The latest push underway is to curb the use of cluster bombs, as this new Backgrounder explains. Cluster bombs are commonly used munitions that explode (GlobalSecurity.org) over a wide area. Humanitarian groups are against them because they leave behind hundreds, sometimes thousands, of unexploded bomblets that effectively become landmines (HRW). Handicap International estimates that cluster bombs have killed around 3,800 civilians and maimed thousands more in over twenty-four countries (AP). At a recent conference in Geneva to review the 1980 Convention on Certain Conventional Weapons, a new treaty went into effect requiring that countries clean up (Malaysia Sun) unexploded munitions and other ordnance from weapons like cluster bombs. A new UN report finds that twenty-six countries are littered with cluster bombs and other remnants of war.
But efforts to enact an Ottawa-like treaty restricting the use of these bombs have failed to get off the ground (AP). Military experts say these munitions, though inaccurate and unreliable, are too effective and embedded to be banned from combat operations. Even most human rights groups privately admit a moratorium may be unfeasible and may settle for a prohibition against the use of these bombs in population centers or a phaseout of older models which typically have higher dud rates.
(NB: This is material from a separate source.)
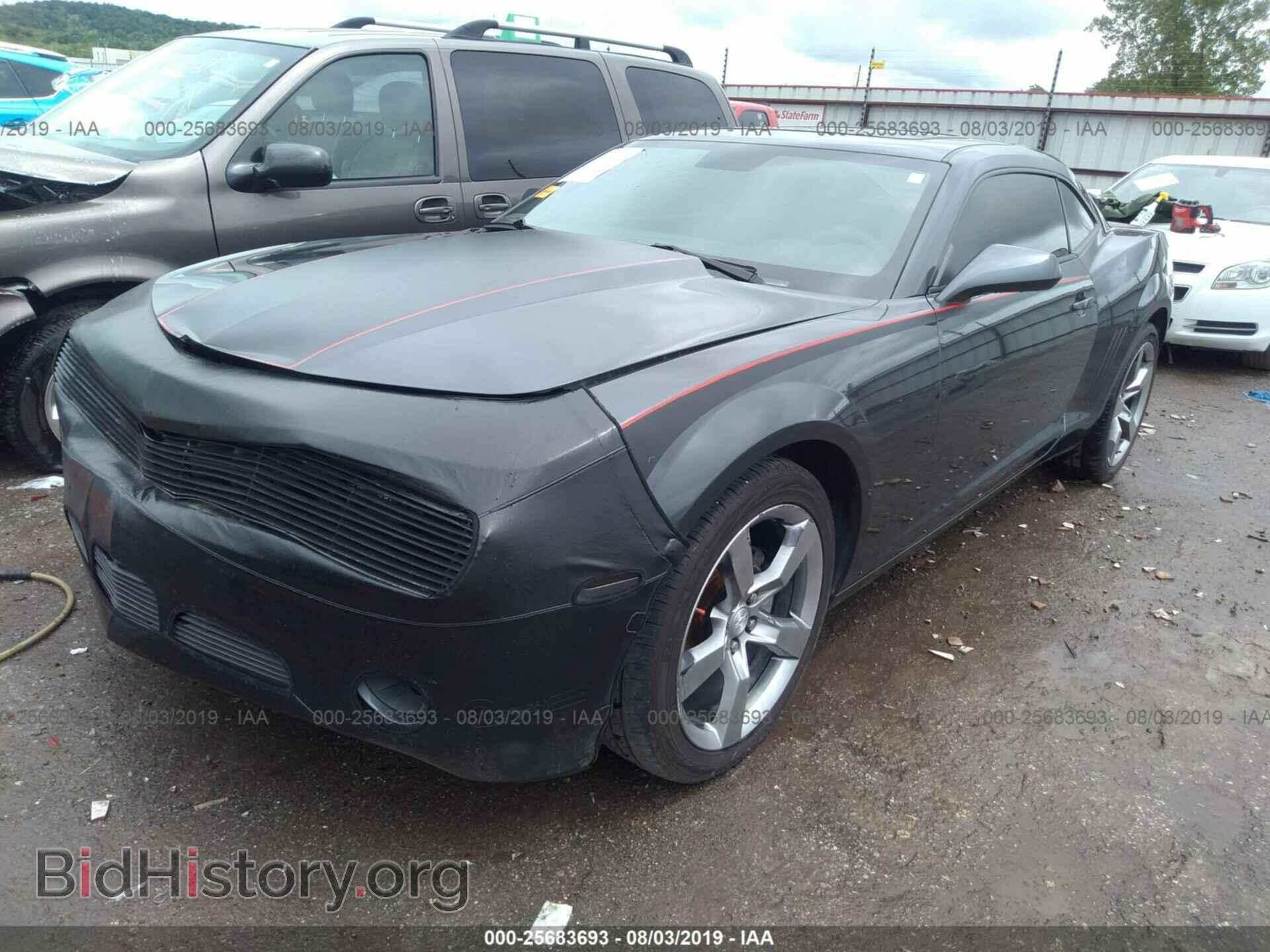 2010 CHEVROLET CAMARO - VIN: 2G1FA1EV1A9131438 - Фото 2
The issue took on renewed importance after last summer’s conflict between Israel and Hezbollah. Both sides were accused of dropping cluster bombs and endangering civilians. The United Nations Mine Action Coordination Center estimates as many as one million unexploded cluster submunitions, most of them made in the United States, remain in southern Lebanon. The Israelis claim they directed their bombs only at “legitimate military targets” but have opened an investigation (NYT) to determine whether the military properly followed orders restricting their use. Hezbollah also stands accused of firing as many as 4,000 rockets with cluster munitions against Israeli population areas. The United States has come under fire for its widespread use of cluster bombs in Iraq, Afghanistan, and Kosovo. In each case, human rights groups say innocents were killed or maimed by these bombs.